Pass your own regular expression to customise the criteria for splitting strings. This makes Words Counted very flexible, whether you want to count words, numbers, or special characters.
Features
- Get the following data from any string or readable file:
- Word count
- Unique word count
- Word density
- Character count
- Average characters per word
- A hash map of words and the number of times they occur
- A hash map of words and their lengths
- The longest word(s) and its length
- The most occurring word(s) and its number of occurrences.
- A flexible way to exclude words (or anything) from the count. You can pass a string, a regexp, an array, or a lambda.
- Customisable criteria. Pass your own regexp rules to split strings if you prefer. The default regexp has two features:
- Filters special characters but respects hyphens and apostrophes.
- Plays nicely with diacritics (UTF and unicode characters): "São Paulo" is treated as
["São", "Paulo"]
and not["S", "", "o", "Paulo"]
.
- Pass in a file path or a url instead of a string. Words Counted opens and reads files.
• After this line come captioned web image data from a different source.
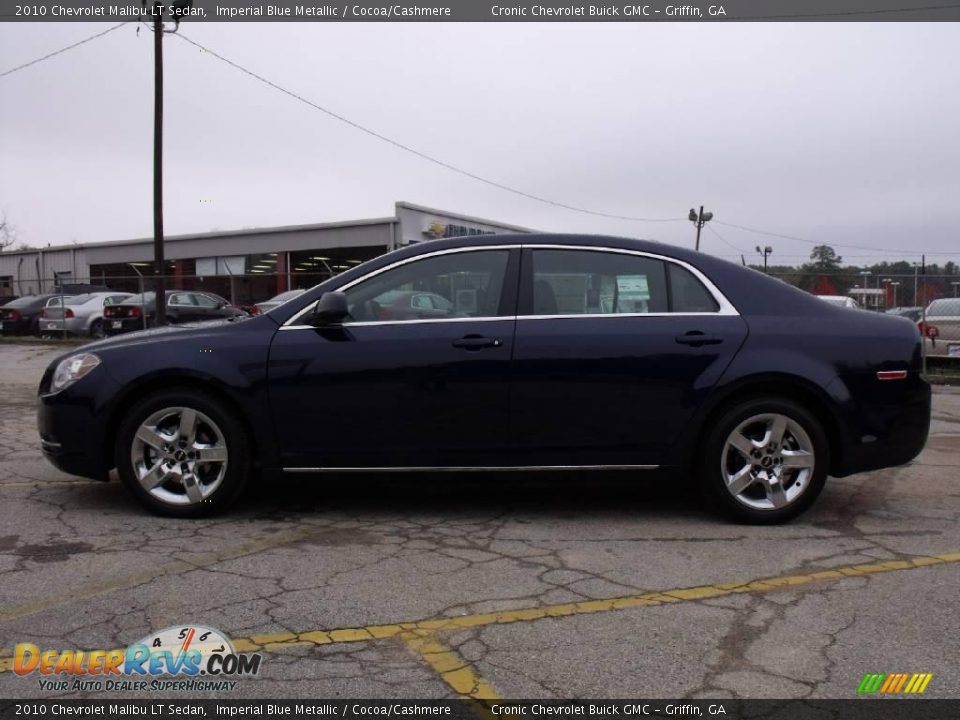 2010 Chevrolet Malibu LT Sedan Imperial Blue Metallic / Cocoa/Cashmere Photo #2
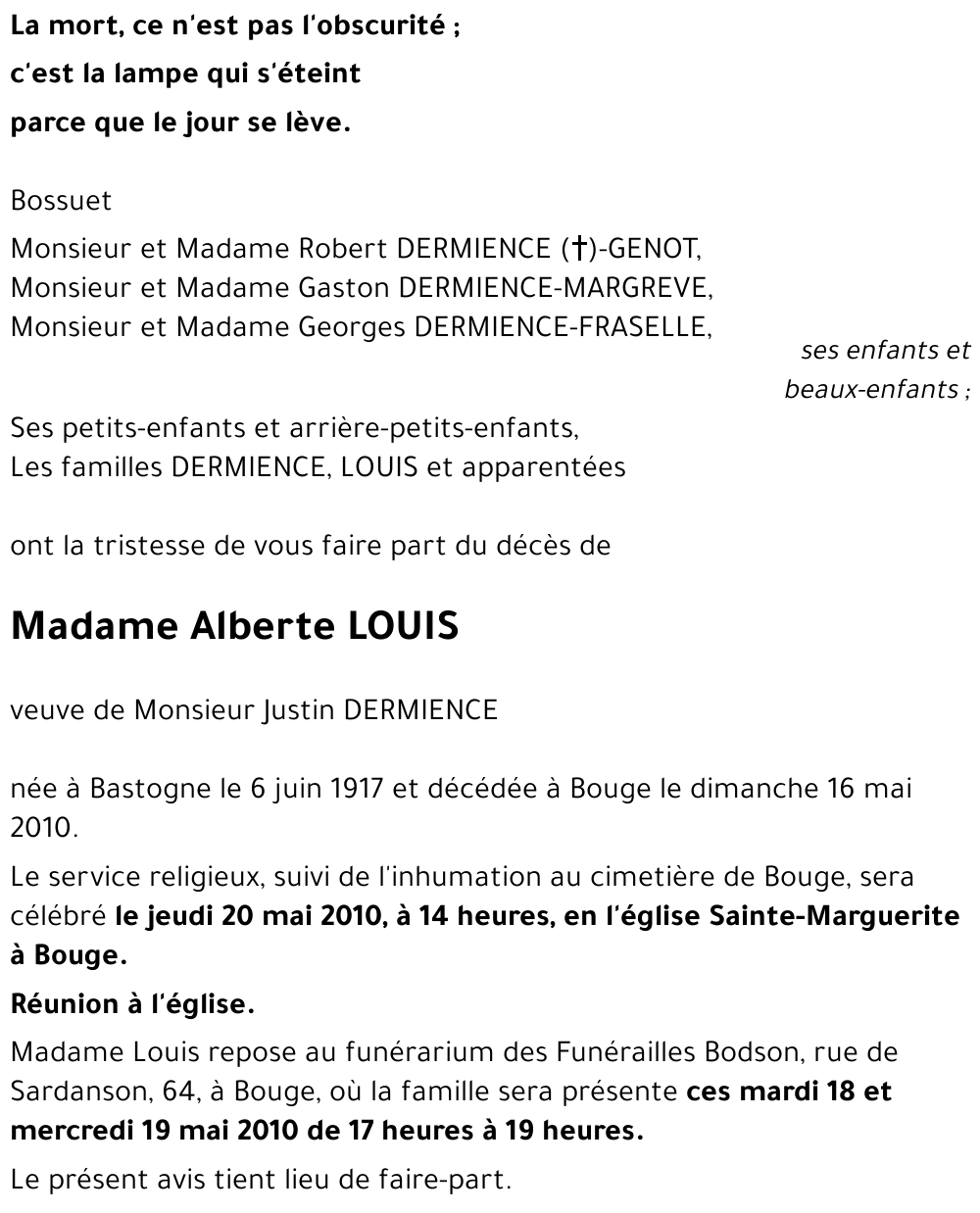 Alberte LOUIS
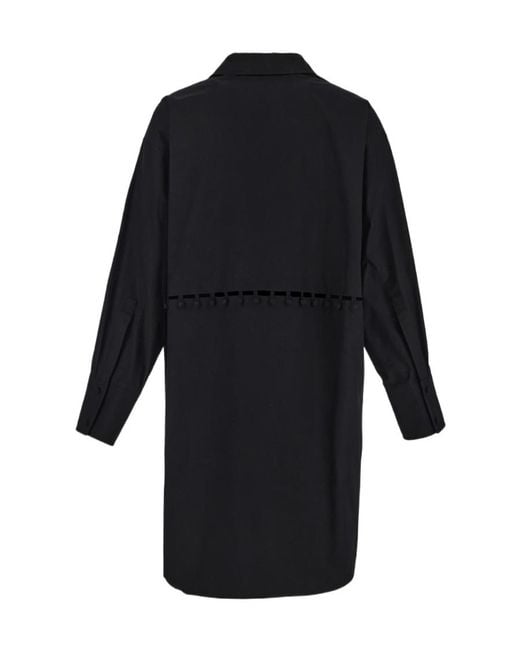 Palm Angels Blue Buttons Detail Shirt Dress
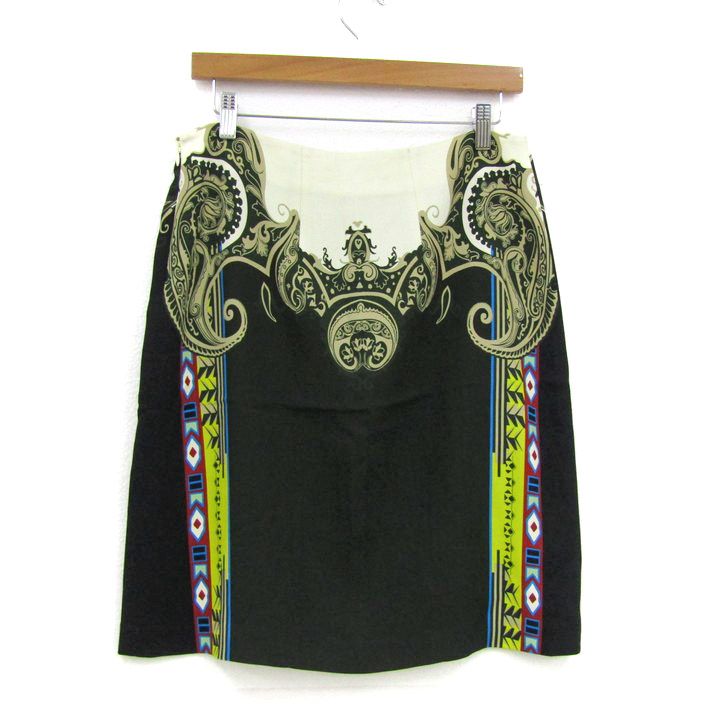 エトロ スカート ボトムス ペイズリー柄 イタリア製 大きいサイズ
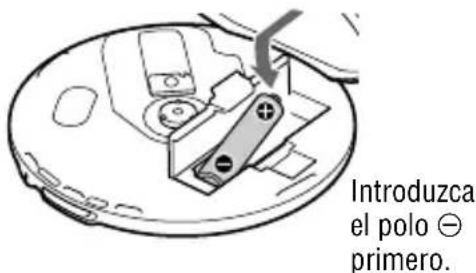SONY Discman DNF420 - Preparación de una fuente de alimentación (pila seca) - 3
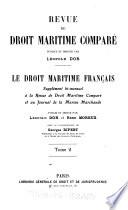 Le Droit maritime français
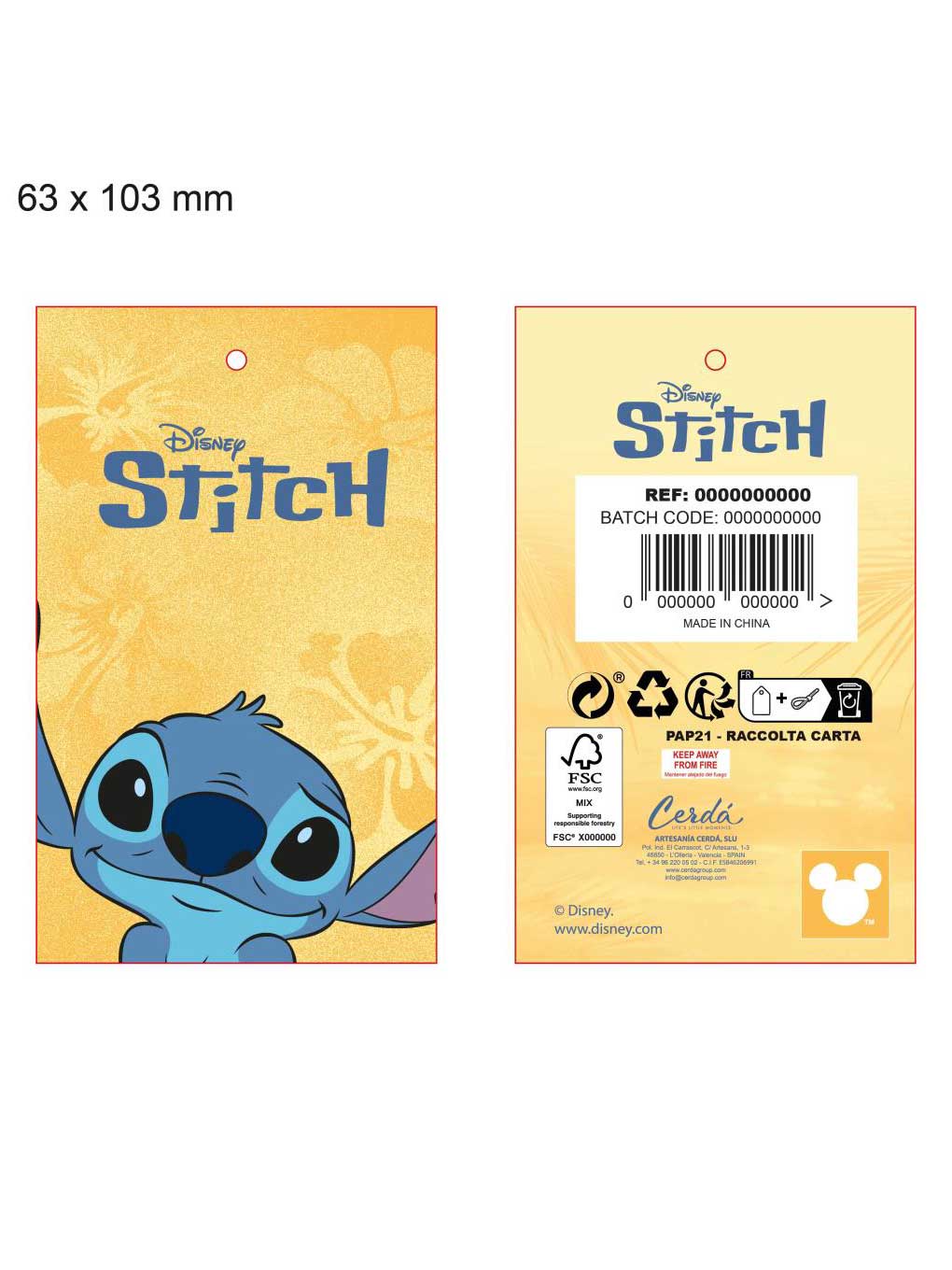 CERDA Шапка STITCH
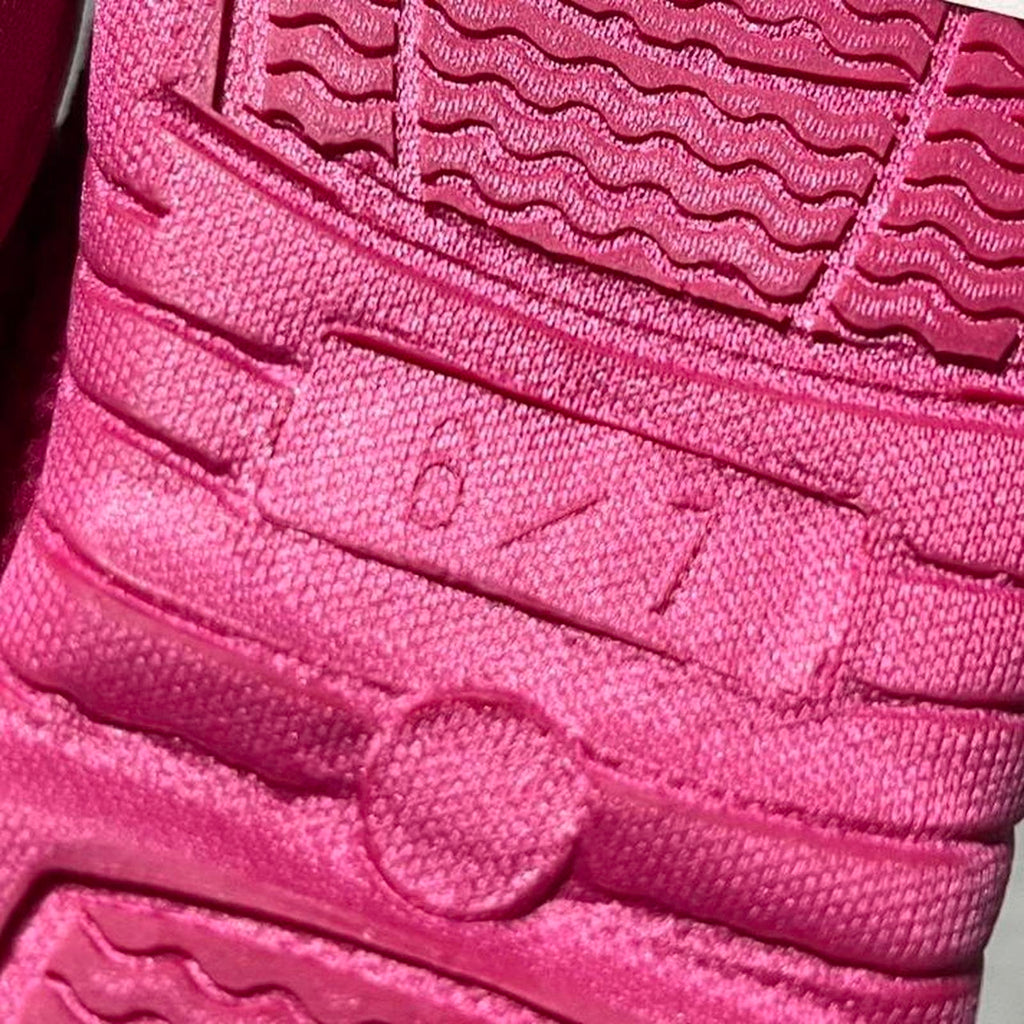 Girls Cable Knit Slipper Boot Pink Size UK C6/7 *REF:SB6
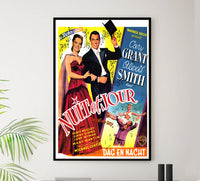 Night and Day 1946 - Cary Grant - Belgium - Classic Movie Poster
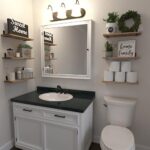 WOPITUES Floating Shelves Set of 6, Wood Floating Shelves for Wall Decor, Rustic Farmhouse Floating Shelves for Bedroom, Bathroom Shelves for Wall Storage, Book Shelves for Living Room-Rustic Brown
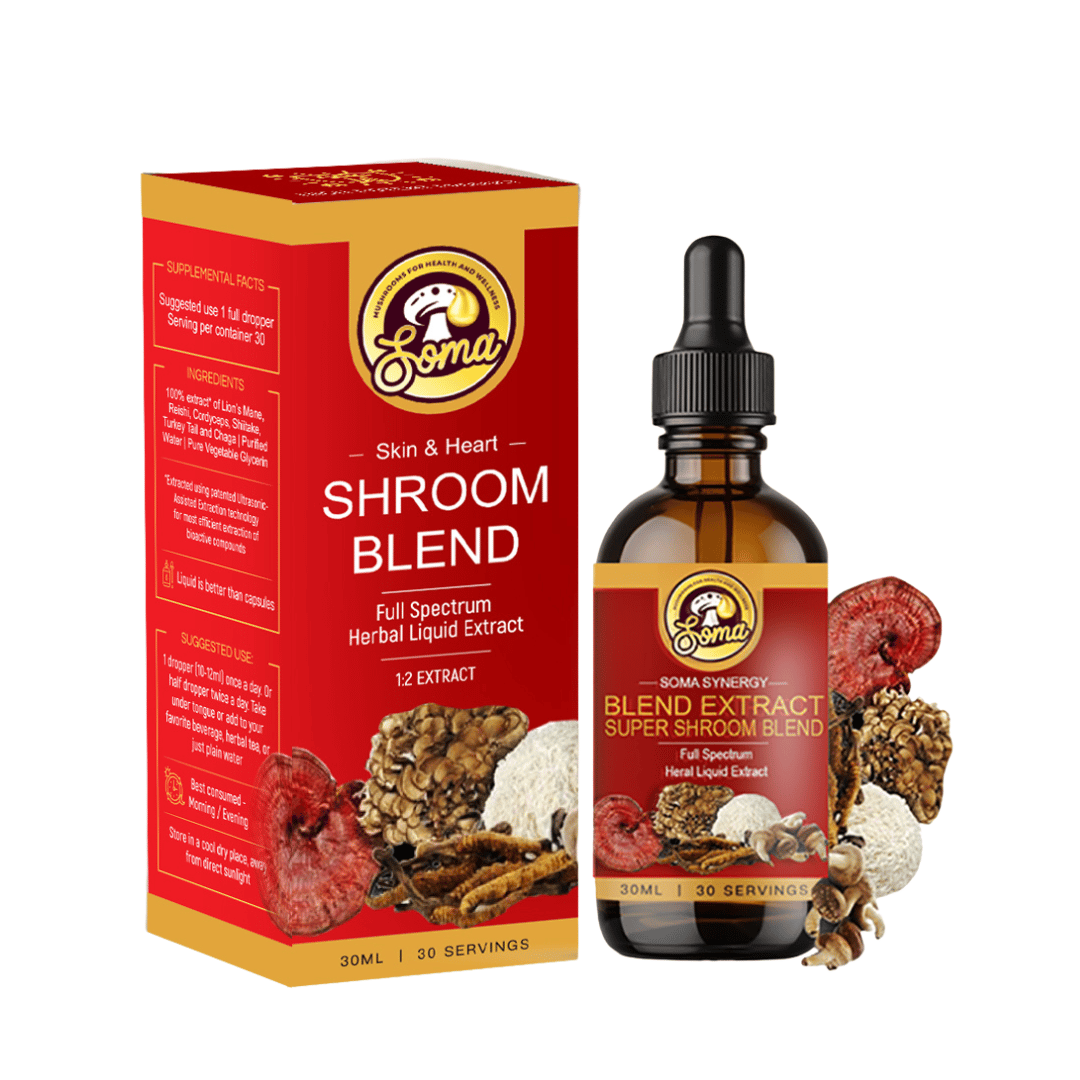 SomaShrooms SuperShroom Blend 6 in 1 for Energy and Immunity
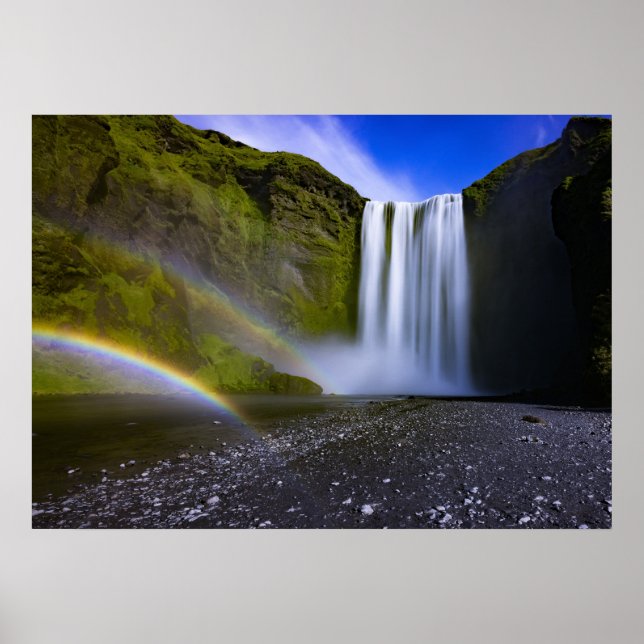 Mountain waterfall poster (Front)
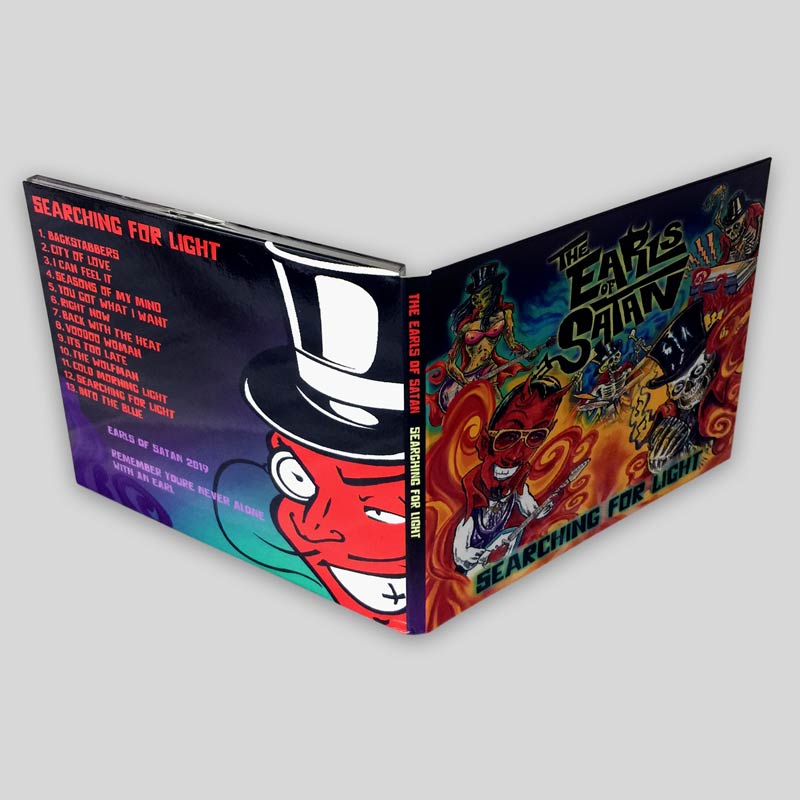 4 Panel Digipak with Printed CDs - CD Digipak with Booklet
See usage instructions for details on each feature.
Installation
Add this line to your application's Gemfile:
gem 'words_counted'
And then execute:
$ bundle
Or install it yourself as:
$ gem install words_counted
Usage
Pass in a string or a file path, and an optional filter and/or regexp.
counter = WordsCounted.count(
"We are all in the gutter, but some of us are looking at the stars."
)
# Using a file
counter = WordsCounted.from_file("path/to/my/file.txt")
API
.word_count
Returns the word count of a given string. The word count includes only alpha characters. Hyphenated and words with apostrophes are considered a single word. You can pass in your own regular expression if this is not desired behaviour.
counter.word_count #=> 15
.word_occurrences
Returns an unsorted hash map of words and their number of occurrences. Uppercase and lowercase words are counted as the same word.
counter.word_occurrences
{
"we" => 1,
"are" => 2,
"all" => 1,
"in" => 1,
"the" => 2,
"gutter" => 1,
"but" => 1,
"some" => 1,
"of" => 1,
"us" => 1,
"looking" => 1,
"at" => 1,
"stars" => 1
}
.sorted_word_occurrences
Returns a two dimentional array of words and their number of occurrences sorted in descending order. Uppercase and lowercase words are counted as the same word.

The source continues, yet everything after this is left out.